# Braid Problems.



## hairymick (Oct 18, 2005)

Hi guys,

Over about the past 12 months or so, I have been using berkley fireline on my eggbeaters.

It worked beautifully at first but now seems to be fouling on itself in the spool when either, casting or feeding line out for trolling.

Is my line buggered of have I been doing something wrong.


----------



## Peril (Sep 5, 2005)

Line twist?

Or maybe the reel isn't laying the line well and the loose line is forming loops.

I find that older fireline is more supple and much more manageable than new


----------



## PeterJ (Aug 29, 2005)

Yeah i'm with peril there, i have had some old fireline on one of my reels for ages and i think it casts further now it's older.

Is the lip of the reel spool still in good nick, maybe it has a blemish on it fowling the line, or could just be the twist again like it was last summer , as peril said.


----------



## hoit (Aug 29, 2005)

Hi Hairy,

I have used my fireline for over 18 months and its still good so I don't reckon your line is buggered. On breammaster.com I have read that when fishing with SP's your line can become "loosly laid" on the spool. The solution is to cast out a longer distance (or strip some line off) and wind it back in with some tension on the line.

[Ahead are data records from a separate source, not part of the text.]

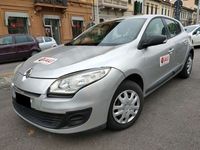 usata Renault Mégane Megane1.5 dCi 90CV Wave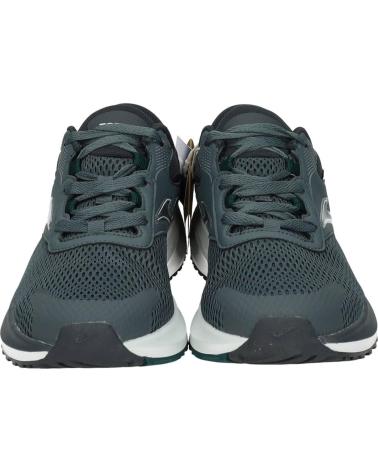 JOMA RACTIW2520 GRIS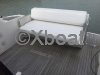 Technical sheet SEALINE C39
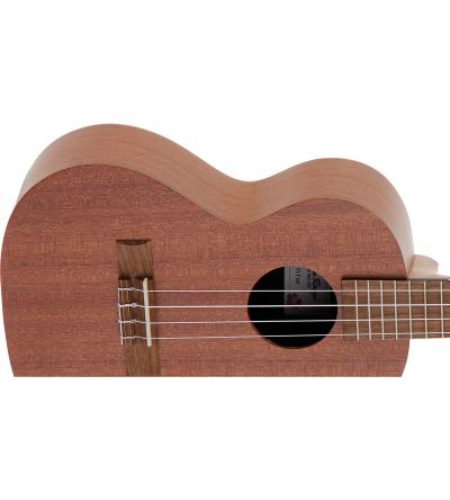 Baton Rouge Ukulele V1 Tenor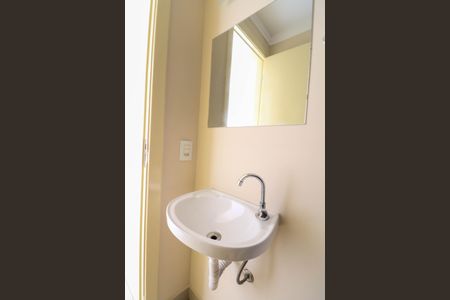 Casa para alugar com 3 quartos, 90m² em Jardim São Luís, São Paulo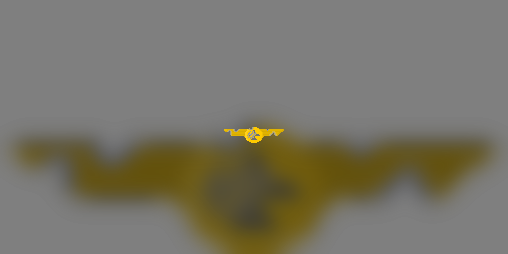 Cover image for Wings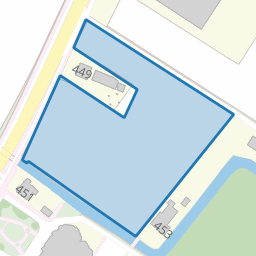 Perceel LSE00-B-2972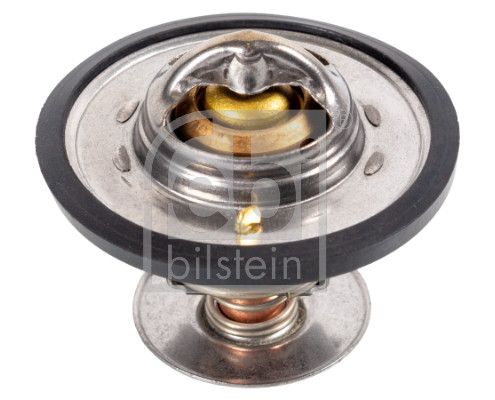 FEBI BILSTEIN 14772 - Thermostat, K&uuml;hlmittel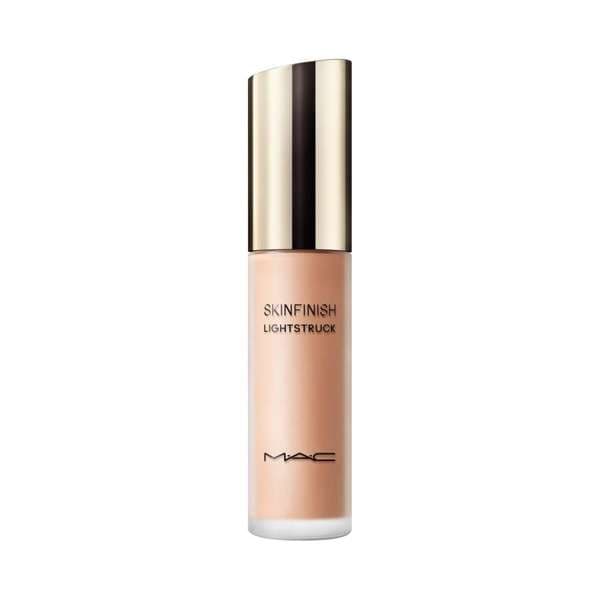 Skinfinish Lightstruck - Liquid Highlighter Lightscape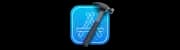 Xcode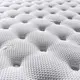 JLH industry-leading wholesale mattress cost delivered easily 6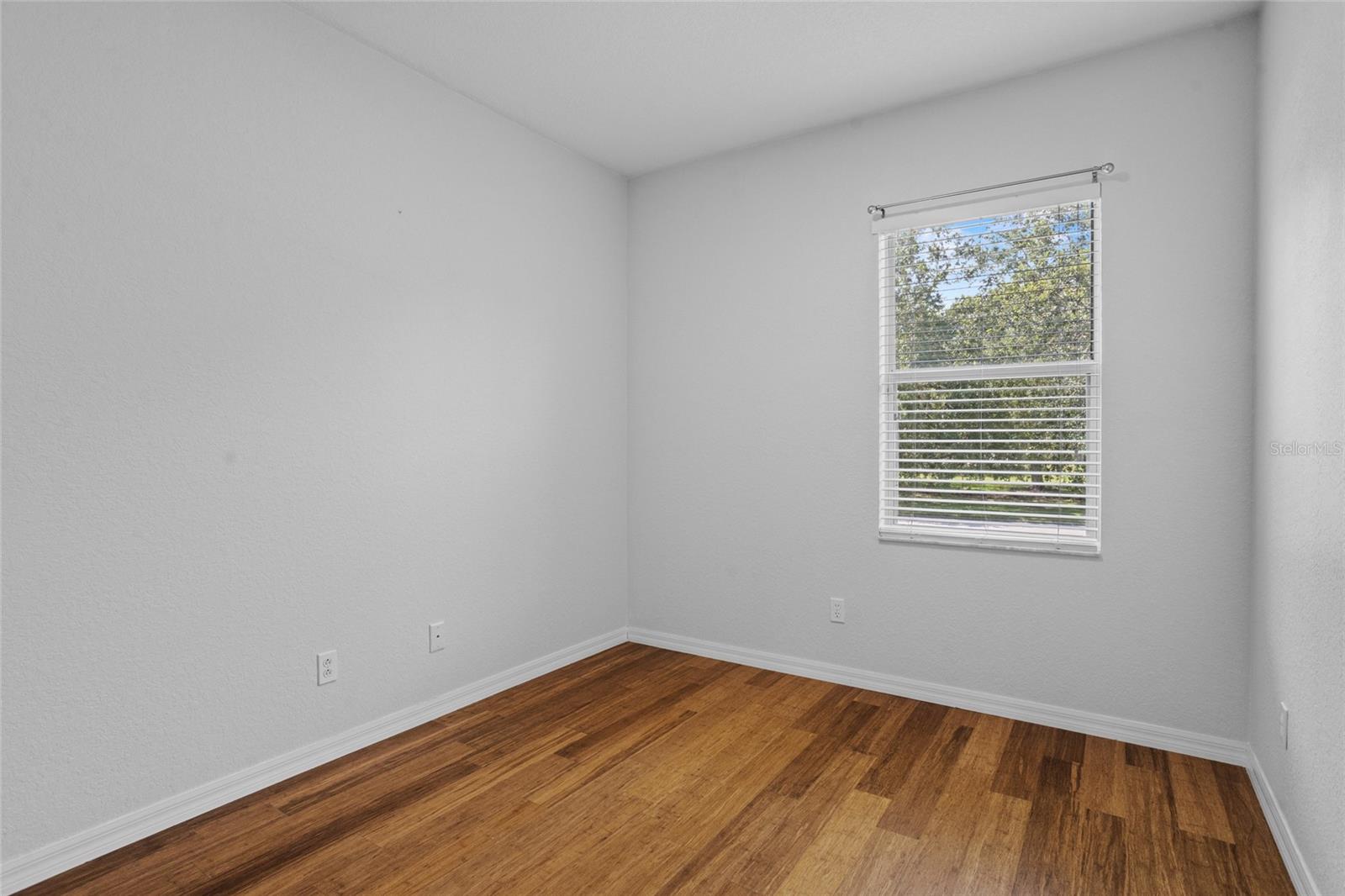 1825 GARDEN SAGE DR, OVIEDO, FL, 32765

Perhaps I don't have this problem with all the fish I catch 

Regards
Grant


----------



## hairymick (Oct 18, 2005)

Thanks guys,

No twist and the spool lips are fine.

The braid seems to be catching on itself as it feeds off the spool in cast mode.

Also when feeding out line for trolling, I just throw the bail arm into cast mode and paddle away. It seems as if the braid is sticking to the layers of line under the one coming off.


----------



## Dillo (Dec 6, 2006)

Hairymick your problem may be in the way you are letting your line out to troll. You say you release the bail arm and then paddle. I presume that when you have enough line out you close the bailarm.

I am using fireline from spinning reels for past 12 months but I cast the lure before paddling(now peddling) so that I know how much line is out.
I haven't had any trouble so far.

Just a thought

Rod


----------



## hairymick (Oct 18, 2005)

Thanks for all the advice guys.

I think Occy may be on the money in that the line underneath may have become a little loose. Will re- wind it tomorrow and see what happens.


----------



## justcrusin (Oct 1, 2006)

Gday Mick I had a similar problem but with live fibre braid, Gatesy put me onto the solution and as occy had said it was laid to loosely. I looped it onto the fence and went for a walk down the street.

Took me ages to wind it in thou the neighbours kept coming out for a chat :lol:

Cheers Dave


----------



## Garfish (Jun 2, 2006)

I bit the bullet last week with my fireline and got rid of it... I couldn't stand how it looked on the spool, all loose and gathered.

I like a little bit of memory in my line so it fits nicely to the spool. I might end up giving it another shot... as someone else spooled it on in the first place when they borrowed the reel for a fishing trip.


----------



## Guest (May 12, 2007)

Garfish said:


> I bit the bullet last week with my fireline and got rid of it... I couldn't stand how it looked on the spool, all loose and gathered.


Me too, just respoolled with Platypus Super braid.

Sick of the tangles of fireline, its not true braid anyway.

Cheers


----------



## Fishing Man (Oct 4, 2006)

thats interesting guys,

i have fireline on all my eggbeaters and couldnt imagine using anything else, 
i actually took off some stren braid (true) and replaced with the GSP (Fireline). I have found that true braid tangles on my eggbeaters as its limper etc.

Dont get me wrong i love true braid and have several types running on my baitcasters however i think fr eggbeaters, particularly the light stuff fireline is the goods, come to think of it i dont think ive ever had a tangle with it


----------